RAID or SnapRAID w/mergerFS

    • OMV 3.x

    This site uses cookies. By continuing to browse this site, you are agreeing to our Cookie Policy.

    • RAID or SnapRAID w/mergerFS

      First things first, I apologize for how long this will be.

      Currently I have my OMV3 system disk is cheapo 120GB SDD with a single RAID6 with 7x1TB standard desktop disks for storage. I'm currently in the process of purchasing 4TB WD red NAS disks (currently have 3 in hand, was looking to get a few more). I'm trying to decide if I want to go with RAID or with SnapRAID/MergerFS and if I do decide the latter, what my "best practices" would be for my use case.

      Some background and usage info.

      My network is a mixed environment (Linux/Windows, primarily windows, also have Active Directory etc.) So I have a few Shared Folders for SMB with the bulk of the storage in 2 SMB shares (Movies, TV Shows, Pics, Music, etc are all on one very large share). Another is used for backup purposes of other computers. It's shared out via SMB, and NFS and is also used by Urbackup. I have a few other shared folders (for Docker, PXE Boot/SFTP, Home directories which is SMB shared as well). But the largest share by far is the one shared folder used for Movies/Pics/TV/Music/etc. You can pretty much call it the general do everything shared folder. It contains the largest amount of data all within one shared folder with everything else sorted by sub folders. I'd like to keep it this way for convenience factor.

      CouchPotato/SickRage, etc all download directly to a downloads folder within the primary shared folder, postprocess, then once done, moves the files to Movies/TV etc location accordingly.

      I'm currently backing up all of the Shared Folders plus some of the critical system folders to CrashPlan (small business edition so it CAN (if configured) continuously back up as files change/are created) so I'm not ENTIRELY worried about the SnapRAID not being real time.

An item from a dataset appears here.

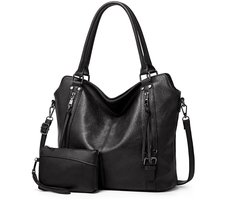 TANTOMI Dames Tassen – Handtas en Schoudertas met Kleine Portemonnee – 2-delige Set – Grote Shopper – Tote Bag – Ruime Capaciteit – Tijdloos Vintage Design – Synthetisch Leer - Zwart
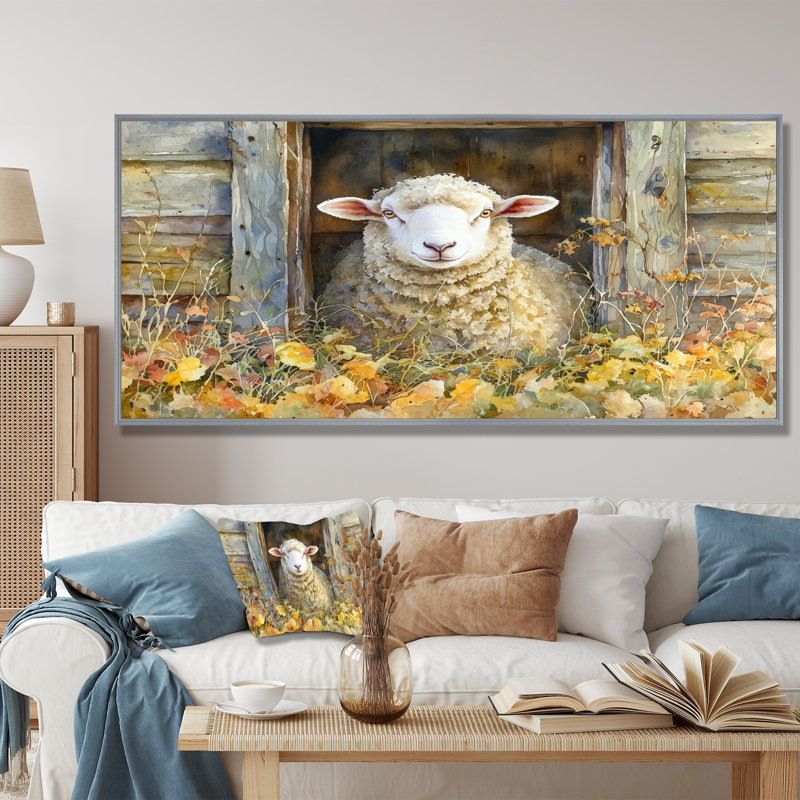 Dulinsky Sheep Floral Portrait At The Barn - Sheep Large, art mural, Argent argent, H 28 po x l 60 po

      I'm playing around with SnapRAID/MergerFS in a VM and I'm trying to decide on the Create Policy configuration for MergerFS that makes sense for me.

      Existing Path....
      From the behavior I'm seeing so far, the second I create a shared folder, it puts that folder on a single physical disk. After that, all subsequent file additions created under that folder go to that same disk. Makes sense. I can see pro's/con's for this behavior in my situation though. Considering my one shared folder is going to be so large, most/all of that data will be on that one disk and consuming at least 50-75% of a single disk and continuing to grow considering it's my primary shared storage. I realize this would make moving files/etc much faster as it's staying on the same disk. I would assume (yes I know what happens when you assume) that once that disk hits the configured Min Free Space cut off of the MergerFS, it will dump to the next desk and replicate the folder structure?

      Pro's
      It's obvious for the most part what physical disk your data is on
      Speeds up file move operations (not the biggest deal for me as I rarely move large files)
      Spins up/down single disks (again for the most part) for read/writes in a folder

      Con's (in my case)
      Can fill up a single disk pretty quick while other disks are hardly used
      (a maybe, not sure) Possibly makes it more likely to lose more data if a single disk dies(such as one full disk fails when other's are only 10% utilized) maybe?? Obviously depends on parity config, etc of SnapRAID


      Anything else that is NOT Existing Path...
      Pretty self explanatory to me. Pretty much scatters the data across all the disks determined by which option you choose (random, most space, etc). The directory structure is placed across all of the disks and you don't really know exactly which physical disk specific files are on without hunting it down manually.

      Pro's
      Utilizes all disks fairly equally
      Possibly less likely to lose a lot of data in disk failure as disks are less likely to be completely filled (once again, maybe, not really sure as I've never used SnapRAID)

      Cons
      File move operations of large files in the same folder could take time as it MAY need to go from disk to disk
      Could possibly need to spin up/down multiple disks at a time (not really a huge deal for me with NAS disks)
      Files are scattered across disks so it could be difficult to find specific files on physical disk (doesn't seem like a big deal)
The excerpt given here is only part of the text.